**What to work on**. Compute how many lines below contain the word "Size" and respond with that number only.
[Start of section]
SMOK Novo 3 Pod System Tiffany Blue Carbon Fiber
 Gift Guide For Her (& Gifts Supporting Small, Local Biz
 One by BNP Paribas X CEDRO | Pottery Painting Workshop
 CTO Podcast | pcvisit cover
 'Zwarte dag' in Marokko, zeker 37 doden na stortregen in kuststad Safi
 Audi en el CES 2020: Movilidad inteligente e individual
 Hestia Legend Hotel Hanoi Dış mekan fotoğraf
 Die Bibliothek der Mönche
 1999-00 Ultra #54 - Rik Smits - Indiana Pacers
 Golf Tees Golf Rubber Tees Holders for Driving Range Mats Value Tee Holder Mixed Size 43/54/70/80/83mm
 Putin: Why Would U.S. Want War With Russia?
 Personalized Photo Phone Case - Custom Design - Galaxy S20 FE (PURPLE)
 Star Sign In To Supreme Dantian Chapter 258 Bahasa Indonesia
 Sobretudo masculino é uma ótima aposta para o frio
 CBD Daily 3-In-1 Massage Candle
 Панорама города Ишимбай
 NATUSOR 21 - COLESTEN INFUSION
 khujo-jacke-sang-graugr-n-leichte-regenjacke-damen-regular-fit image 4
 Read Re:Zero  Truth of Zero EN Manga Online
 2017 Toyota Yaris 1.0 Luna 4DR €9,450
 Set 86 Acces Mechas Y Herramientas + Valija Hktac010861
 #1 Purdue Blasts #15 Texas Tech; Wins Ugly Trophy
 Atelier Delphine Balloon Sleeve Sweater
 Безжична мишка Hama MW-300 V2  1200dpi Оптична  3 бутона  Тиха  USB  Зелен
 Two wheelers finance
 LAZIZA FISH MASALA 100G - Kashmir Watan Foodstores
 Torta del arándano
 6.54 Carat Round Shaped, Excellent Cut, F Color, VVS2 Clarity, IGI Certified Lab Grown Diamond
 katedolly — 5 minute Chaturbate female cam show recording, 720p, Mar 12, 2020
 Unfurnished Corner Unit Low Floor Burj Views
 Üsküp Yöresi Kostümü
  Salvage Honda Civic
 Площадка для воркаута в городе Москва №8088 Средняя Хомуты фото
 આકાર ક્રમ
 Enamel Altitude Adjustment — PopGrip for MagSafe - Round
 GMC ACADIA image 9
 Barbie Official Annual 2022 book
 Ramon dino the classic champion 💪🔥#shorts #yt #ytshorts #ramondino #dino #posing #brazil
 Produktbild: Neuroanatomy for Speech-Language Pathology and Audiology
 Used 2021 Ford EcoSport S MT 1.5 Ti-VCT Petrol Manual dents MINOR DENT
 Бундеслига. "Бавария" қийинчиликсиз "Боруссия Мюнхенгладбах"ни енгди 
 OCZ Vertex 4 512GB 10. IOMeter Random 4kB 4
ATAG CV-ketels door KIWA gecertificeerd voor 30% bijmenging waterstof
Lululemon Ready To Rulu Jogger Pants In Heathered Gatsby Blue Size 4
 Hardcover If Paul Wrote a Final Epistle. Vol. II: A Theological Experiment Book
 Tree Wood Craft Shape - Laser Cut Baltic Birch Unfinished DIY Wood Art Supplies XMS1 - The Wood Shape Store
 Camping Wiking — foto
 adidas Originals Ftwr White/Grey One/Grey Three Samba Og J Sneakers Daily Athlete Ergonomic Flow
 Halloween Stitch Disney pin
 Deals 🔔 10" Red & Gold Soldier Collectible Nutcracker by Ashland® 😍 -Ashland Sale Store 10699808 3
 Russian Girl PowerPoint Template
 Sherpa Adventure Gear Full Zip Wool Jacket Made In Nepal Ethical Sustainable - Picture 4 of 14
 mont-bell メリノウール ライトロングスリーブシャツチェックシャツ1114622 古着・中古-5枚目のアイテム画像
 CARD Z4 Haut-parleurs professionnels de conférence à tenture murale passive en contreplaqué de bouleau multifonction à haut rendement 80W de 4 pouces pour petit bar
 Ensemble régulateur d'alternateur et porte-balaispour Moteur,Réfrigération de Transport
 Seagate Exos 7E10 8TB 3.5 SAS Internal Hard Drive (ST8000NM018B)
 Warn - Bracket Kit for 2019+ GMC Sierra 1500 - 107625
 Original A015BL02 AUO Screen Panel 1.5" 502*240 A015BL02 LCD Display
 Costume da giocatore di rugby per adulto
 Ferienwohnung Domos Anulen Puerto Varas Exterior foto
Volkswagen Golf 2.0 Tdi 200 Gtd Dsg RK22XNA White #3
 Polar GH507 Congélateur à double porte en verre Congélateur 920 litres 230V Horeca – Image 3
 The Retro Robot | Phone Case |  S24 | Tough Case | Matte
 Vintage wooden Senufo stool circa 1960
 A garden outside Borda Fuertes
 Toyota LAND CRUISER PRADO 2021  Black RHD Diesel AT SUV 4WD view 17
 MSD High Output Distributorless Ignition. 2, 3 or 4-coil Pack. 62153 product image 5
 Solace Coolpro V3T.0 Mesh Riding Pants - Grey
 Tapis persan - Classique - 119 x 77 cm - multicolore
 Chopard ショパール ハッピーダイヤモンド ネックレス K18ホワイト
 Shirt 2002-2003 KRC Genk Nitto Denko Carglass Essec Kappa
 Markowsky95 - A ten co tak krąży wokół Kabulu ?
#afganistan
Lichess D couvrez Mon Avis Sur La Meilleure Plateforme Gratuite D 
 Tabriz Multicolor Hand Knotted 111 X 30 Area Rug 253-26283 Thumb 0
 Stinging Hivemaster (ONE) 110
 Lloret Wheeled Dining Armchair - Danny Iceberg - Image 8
[End of section]
**Final answer**. 2